Starting at the line with "iPod Classic Skin", return every line through the final one of the data, word for word. Pictures stay out.

Pictures with short captions
--- START ---

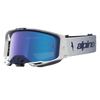 Alpinestars Vision 8 Amber Goggles -  Navy White (Mirror Blue Lens)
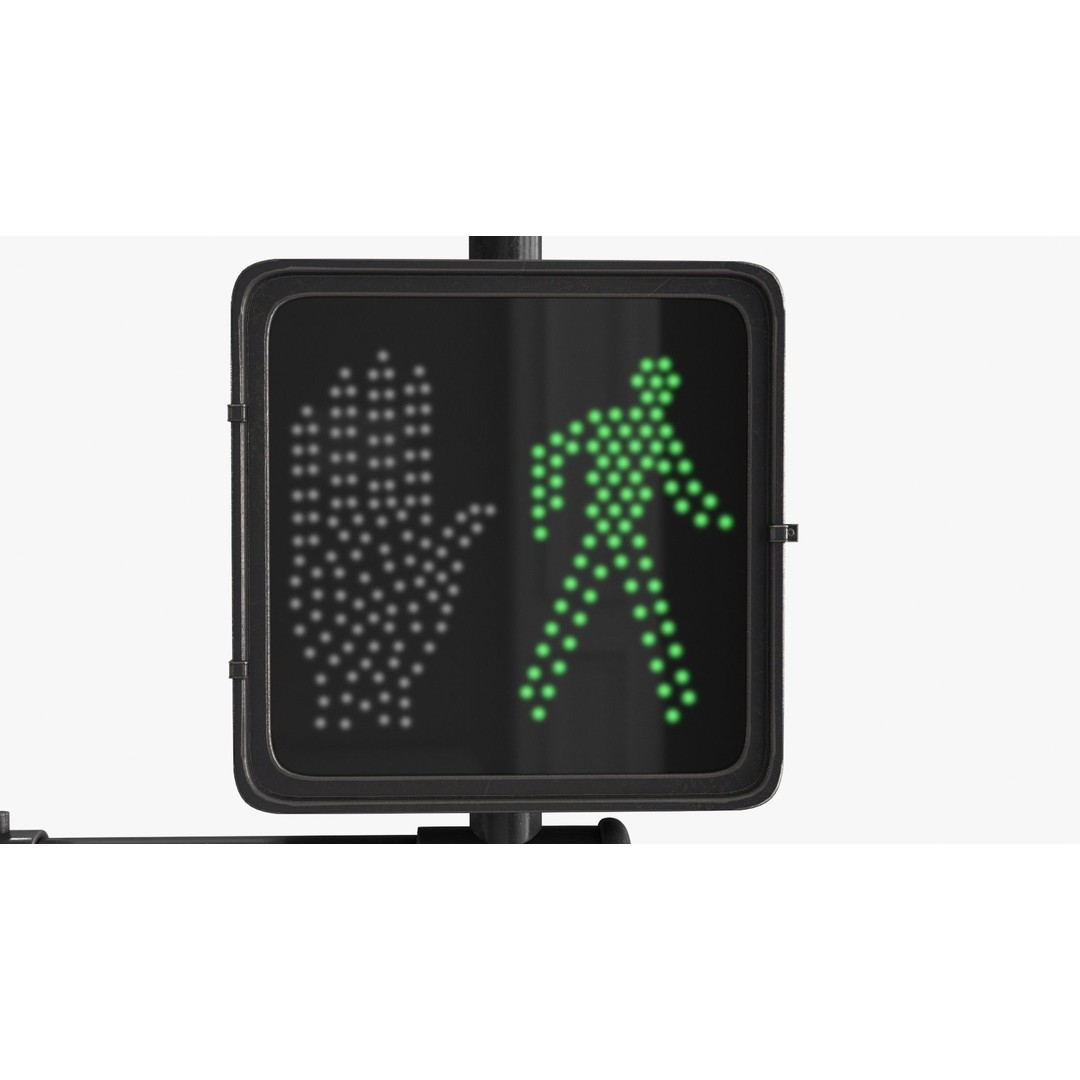 Traffic Light 3D Model – Low-Poly Game Asset, PBR Textures, FBX - View 6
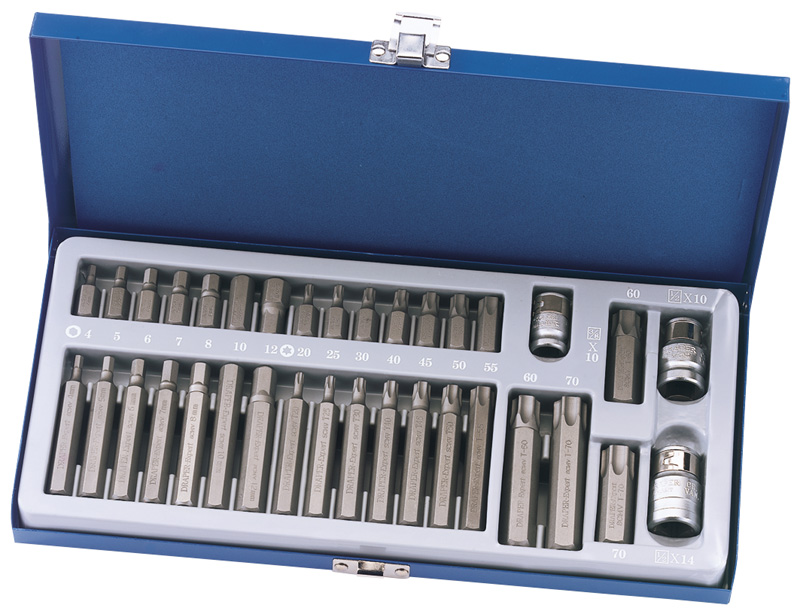 Expert 35 Piece TX-Star And Hexagon Mechanics Bit Set - 33614 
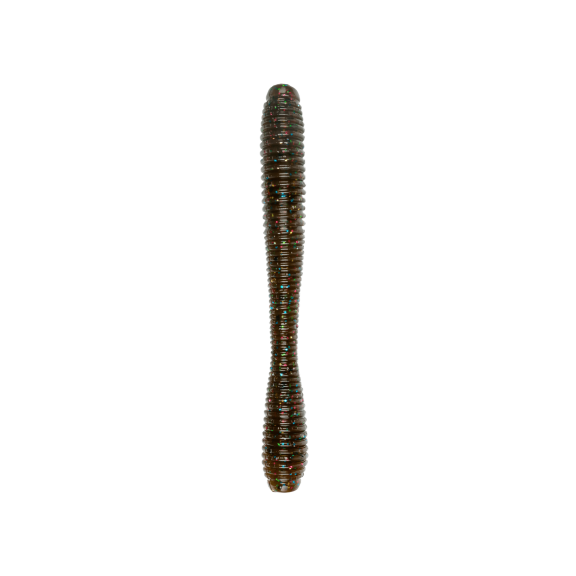 6th Sense Bounce Worm Soft Plastic Bass Fishing Lure, Finesse Worm for Wacky Rig, Neko Rig, Drop Shot, Texas Rig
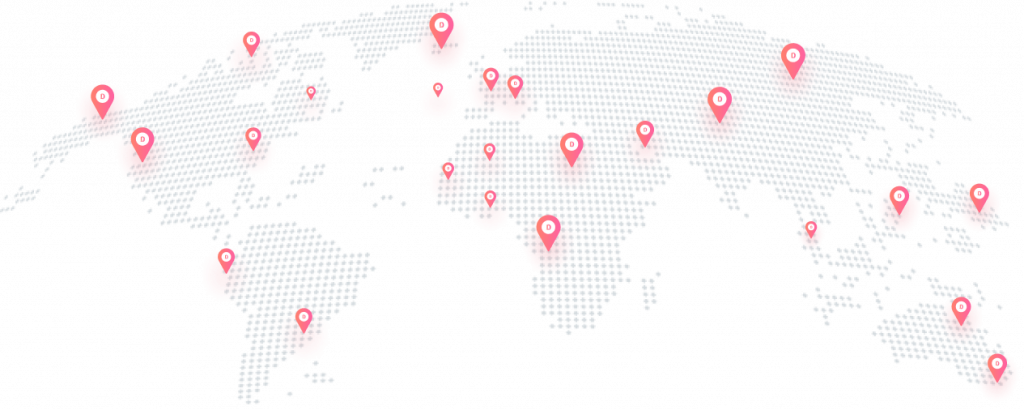 mapa de distribución de dokan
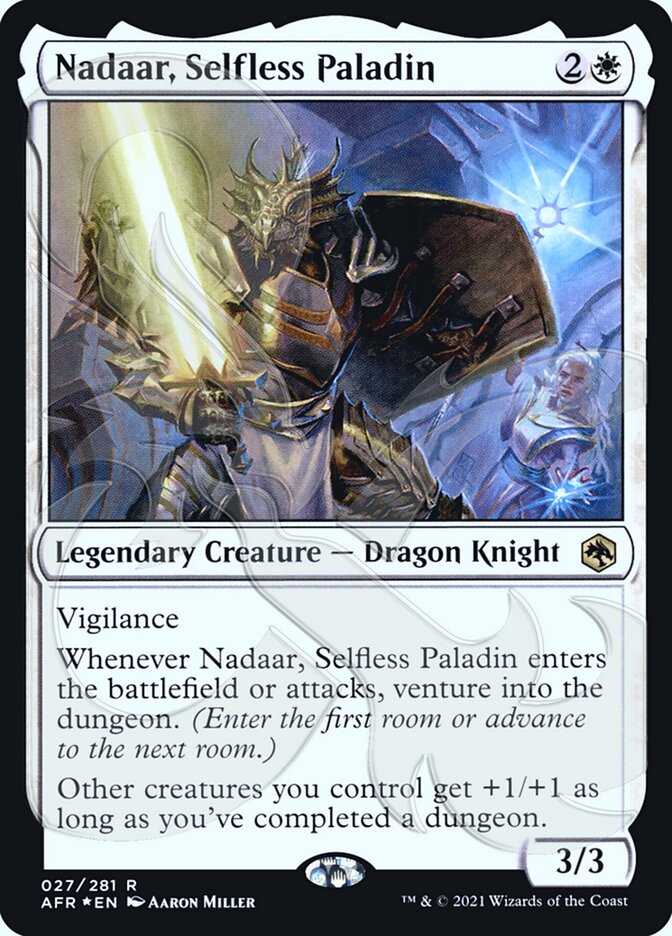 Nadaar, Selfless Paladin (Ampersand Promo) [Dungeons & Dragons: Adventures in the Forgotten Realms Promos] | Exor Games Bridgewater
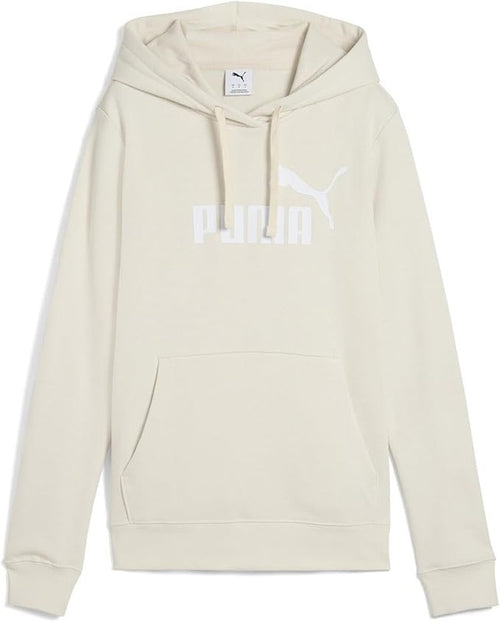 PUMA Ess No. 1 Logo Hoodie FL, Felpe con Cappuccio Donna, Alpine Snow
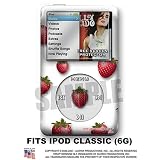 iPod Classic Skin - Strawberries on White WraptorSkinz TM Kit by TuneTattooz TM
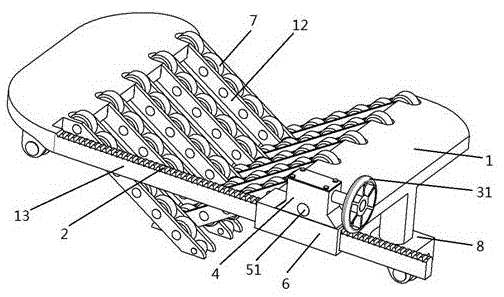 一种基于蜗杆与传动蜗轮配合的汽车轮胎抬升移动装置的制作方法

--- END ---

Exercise output:
 iPod Classic Skin - Strawberries on White WraptorSkinz TM Kit by TuneTattooz TM
 一种基于蜗杆与传动蜗轮配合的汽车轮胎抬升移动装置的制作方法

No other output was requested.